Namun, realita di lapangan menunjukkan pengembangan cold chain tak semulus ekspektasi. Kesenjangan antara supply dan demand, tingginya barrier to entry, serta ketimpangan infrastruktur menjadi faktor utama yang memperlambat adopsi. Saat ini, Indonesia hanya memiliki sekitar 8.000 kontainer pendingin aktif. Angka tersebut tidak mencukupi untuk melayani kebutuhan nasional.
Tantangan: teknologi, modal, dan regulasi
Biaya membangun ekosistem cold chain sangat tinggi. Modal pembangunan gudang berpendingin bisa mencapai Rp50 miliar, belum termasuk armada kendaraan khusus yang juga mahal. Selain itu, teknologi insulasi yang digunakan pemain lokal masih tertinggal jauh dari Jepang dan Jerman.
Regulasi seperti Permentan No. 42 Tahun 2019 yang mengatur distribusi daging dan produk hewani pun kerap jadi penghambat karena memperlambat proses logistik.
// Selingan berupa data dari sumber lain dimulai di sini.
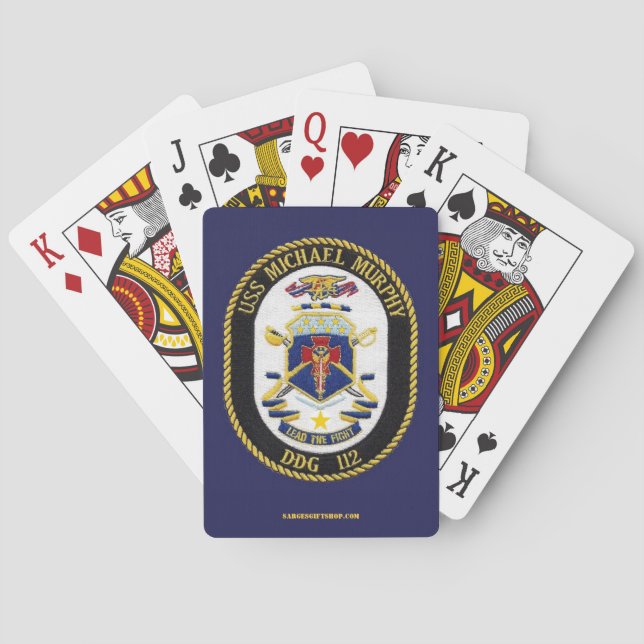 USS MICHAEL MURPHY PLAYING CARDS (Back)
Setiap keterlambatan dalam sistem rantai dingin berarti risiko kerusakan produk yang tinggi.
Peluang dari perkembangan konsumsi luar Jawa dan MBG
Pergeseran kebiasaan konsumen ke belanja online dan konsumsi kuliner lintas daerah membuka peluang baru bagi industri CCL. Selain itu, program makan bergizi gratis (MBG) dan hilirisasi produk desa oleh pemerintah akan memperluas kebutuhan distribusi bahan pangan yang sensitif terhadap suhu.
Daerah luar Jawa pun menjadi target ekspansi cold storage, dengan Sumatera dan Bali dinilai siap dari segi infrastruktur dan pertumbuhan industri makanan dan minuman (mamin). Layanan cold transportasi diperkirakan bisa tumbuh 14 persen dan cold storage 8 persen pada 2025.